La orden para que Morena retire un anuncio (spot, le dicen en perfecto espanglés) parece basada menos en la ley que en el odio que suscita López Obrador entre las fuerzas del orden. Además, hay varios puntos que merecen una explicación de quienes deben darla, que son el Tribunal Electoral del Poder Judicial de la Federación (TEPJF) y el Instituto Nacional Electoral (INE).
Para empezar, se entiende que si el citado Tribunal emitió una sentencia, a los órganos del INE no les queda más que acatarla y llevarla a la práctica. Por eso sorprende que la Comisión de Quejas del Instituto haya puesto el asunto a votación. ¿Significa eso que si la votación hubiera sido adversa no se acataría la decisión del Tribunal?
Otra cosa absurda es que el sancionado tenga que enviar al INE “prueba del cumplimiento de lo ordenado por la Comisión de Quejas en un plazo no mayor a 24 horas siguientes a su realización”. Es absurdo, porque es el INE, no el sancionado, el que ordena a los concesionarios de radio y TV emitir los anuncios o, como en este caso, no hacerlo.
Pero lo central, sin embargo, es que resulta sospechoso que al líder de un partido se le prohíba emitir juicios sobre el gobierno y exponer a la sociedad lo que se propone hacer de llegar al poder. Además, en cualquier democracia digna de ese nombre resulta inaceptable que un órgano de gobierno –el TEPJF lo es– decida cuándo el líder de un partido habla por la organización que representa y cuándo lo hace de manera personal, sin citar las disposiciones de ley en que se apoya su veredicto.

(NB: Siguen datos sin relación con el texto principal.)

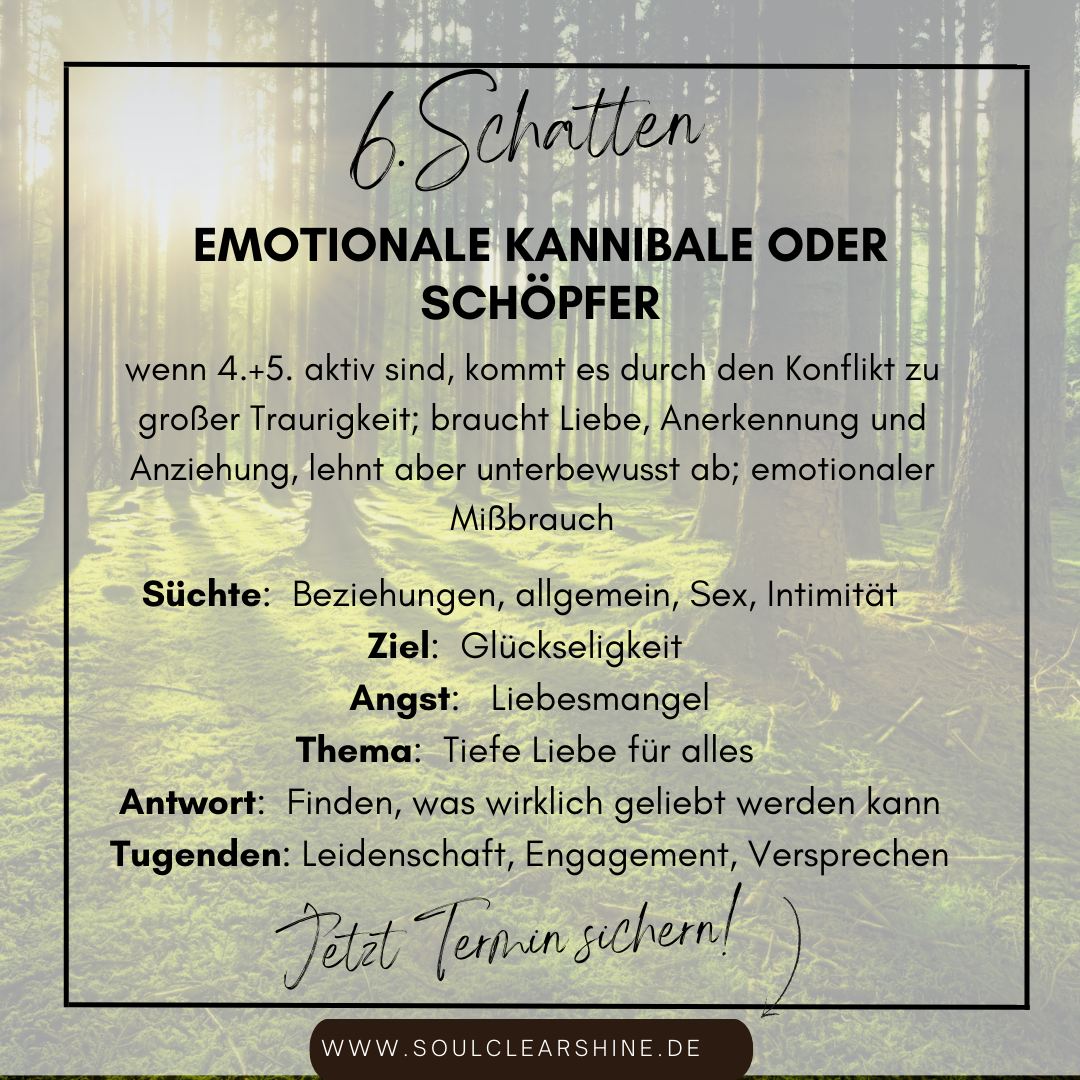 6.schatten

Frases como “no quieren que se escuche mi voz”, “me quieren borrar”, etcétera, es algo que puede decir el abanderado de cualquier partido del mundo, incluso con “protagonismo evidente”, pero que aquí es motivo de sanción, aunque sin apoyo legal. Si Andrés Manuel López Obrador menciona el año 2018 es porque él y sus seguidores, de triunfar en la elección de ese año, venderán –dicen– el flamante avión presidencial. Si menciona el 2018 es porque será entonces cuando habrá elecciones y se supone que él espera que gane Morena y que esta vez sí le reconozcan el triunfo, aunque esto último ya cae más que nada en el campo de los sueños, lo que tampoco es ilegal. Malo si hubiera dicho que el avión de marras lo vendería en 2017, sin disponer de facultades para hacerlo, y aun así…
El Tribunal Electoral deberá aclarar a la ciudadanía –y en primerísimo lugar a los funcionarios del INE– si a partir de ahora queda prohibido que los dirigentes de un partido, el que sea, hablen del proyecto de nación que encabezan y representan. Tendrá que poner en claro si los programas partidarios son para exponerse al público o simplemente para ser presentados a la autoridad al momento de solicitar registro. Más aún; deberá aclarar si es válida la competencia electoral y si cabe hacer la crítica de otros partidos, de las actuales autoridades y de sus decisiones, como esa de adquirir un costosísimo avión presidencial en un país con 60 por ciento de pobres.
Las decisiones del Tribunal Electoral federal son inapelables. No hay autoridad a la que pueda recurrirse en caso de un fallo tan escandaloso como éste de amordazar al dirigente de un partido. Hasta donde entendemos, ni siquiera el pleno de la Suprema Corte puede enmendarle la plana a las arbitrariedades del TEPJF.
Por supuesto, en materia electoral no hay decisiones inocentes. Con la sentencia del Tribunal se allana el camino para nuevas y peores arbitrariedades. Es obvio que López Obrador está en campaña, lo ha estado desde hace muchos años, pero otros políticos también lo están, como el dirigente del PAN o el del PRI, porque es su derecho proyectar su figura y sus ideas frente a los mexicanos.
Y si se trata de ponerse exigentes, varios miembros del gabinete andan en las mismas. ¿O acaso creen los señores magistrados que cuando Aurelio Nuño se deja retratar con niños no lo hace con fines políticos, con la intención de proyectar su figura? Y si Videgaray dejó de ser el Delfín y aparece menos en las fotos, para bien de la patria, no ha sido por falta de ganas, sino por exceso de fallas. Esos funcionarios y otros andan en campaña, pero sería absurdo que el TEPJF les prohibiera hacer declaraciones o aparecer en público.
Como es obvio, otra vez las fuerzas del orden hacen crecer a López Obrador, aunque luego no encuentren cómo pararlo y recurran al manoseo electoral. Sus enemigos no aprenden.